This notebook is based on: https://esciencecenter-digital-skills.github.io/geospatial-python/06-raster-intro.html

In the first episode of this course we provided an introduction on what Raster datasets are and how these divert from vector data. In this episode we will dive more into raster data and focus on how to work with them. We introduce fundamental principles, python packages, metadata and raster attributes for working with this type of data. In addition, we will explore how Python handles missing and bad data values.

The Python package we will use throughout this episode to handle raster data is rioxarray. This package is based on the popular rasterio (which is build upon the GDAL library) for working with raster data and xarray for working with multi-dimensional arrays.

rioxarray extends xarray by providing top-level functions like the open_rasterio function to open raster datasets. Furthermore, it adds a set of methods to the main objects of the xarray package like the Dataset and the DataArray. These methods are made available via the rio accessor and become available from xarray objects after importing rioxarray.

# Load a Raster and View Attributes

To analyse the burned areas, we are interested in the red band of the satellite scene. In episode 9 we will further explain why the characteristics of that band are interesting in relation to wildfires. For now, we can load the red band using the function rioxarray.open_rasterio():

In [None]:
import rioxarray


Explain relationship rioxarray xarray rastterio pyproj and numpy

In [None]:
!pip show rioxarray

In [None]:
rioxarray.open_rasterio?

In [None]:
red = rioxarray.open_rasterio('../data/input_data/sentinel2/red.tif')

In [None]:
red

By printing the variable we can get a quick look at the shape and attributes of the data.

In [None]:
print(red)

The output tells us that we are looking at an xarray.DataArray, with 1 band, 10980 rows, and 10980 columns. We can also see the number of pixel values in the DataArray, and the type of those pixel values, which is unsigned integer (or uint16). The DataArray also stores different values for the coordinates of the DataArray. When using rioxarray, the term coordinates refers to spatial coordinates like x and y but also the band coordinate. Each of these sequences of values has its own data type, like float64 for the spatial coordinates and int64 for the band coordinate.

This DataArray object also has a couple of attributes that are accessed like .rio.crs, .rio.nodata, and .rio.bounds() (in jupyter you can browse through these attributes by using tab for auto completion or have a look at the documentation here), which contains the metadata for the file we opened.

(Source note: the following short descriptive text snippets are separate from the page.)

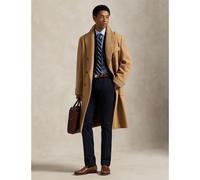 Pantaloni slim in twill di cotone Blu 42 (IT) - W29 L32 (US) Tinta unita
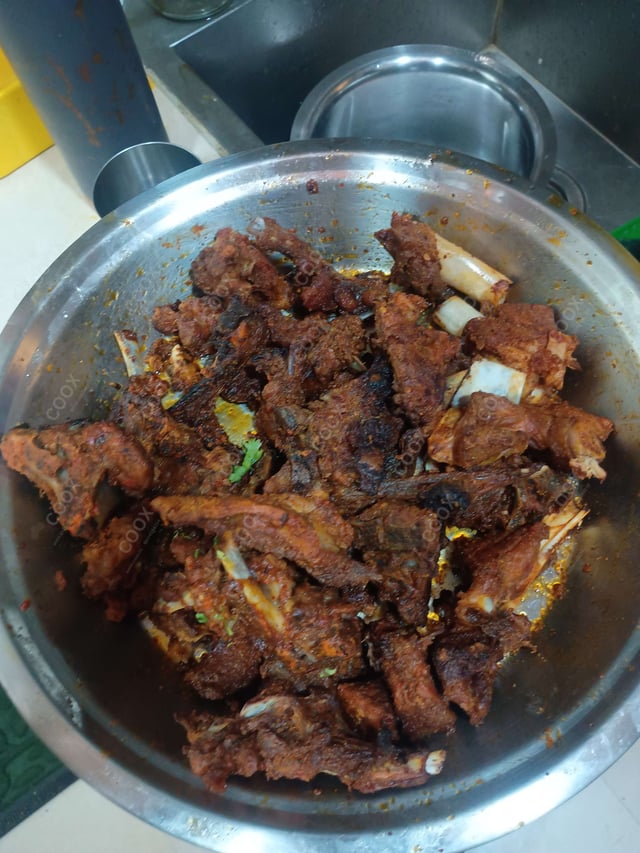 Tasty Lamb Chops cooked by COOX chefs cooks during occasions parties events at home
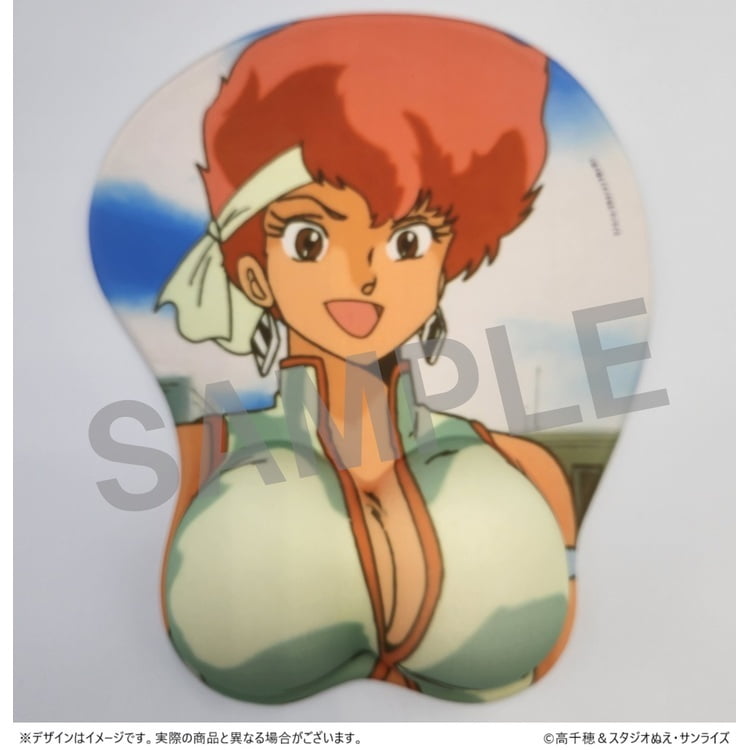 『ダーティペア』 立体マウスパッド（全2種）見本画像2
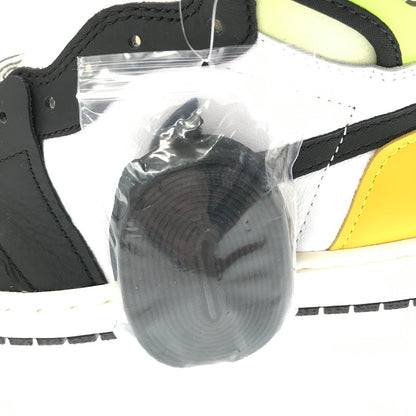 【中古品】【メンズ】 NIKE ナイキ AIR JORDAN 1 HIGH OG VOLT GOLD 555088-118 エア ジョーダン ワン ハイ スニーカー 靴 160-260719-rt-24-tagh サイズ：28cm US10 カラー：WHITE/BLACK-VOLT 万代Net店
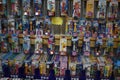 PEZ dispensers at the Candy store in Downtown Coppell Texas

Note that many of the metadata are accessed as attributes without (), however since bounds() is a method (i.e. a function in an object) it requires these parentheses this is also the case for .rio.resolution().

In [None]:
print(red.rio.crs)
print(red.rio.nodata)
print(red.rio.bounds())
print(red.rio.width)
print(red.rio.height)
print(red.rio.resolution())

In [None]:
print(red.max())
print(red.min())

In [None]:
print(red.rio.crs)

The Coordinate Reference System, or rhodes_red.rio.crs, is reported as the string EPSG:32635. The nodata value is encoded as 0 and the bounding box corners of our raster are represented by the output of .bounds() as a tuple (like a list but you can’t edit it). The height and width match what we saw when we printed the DataArray, but by using .rio.width and .rio.height we can access these values if we need them in calculations.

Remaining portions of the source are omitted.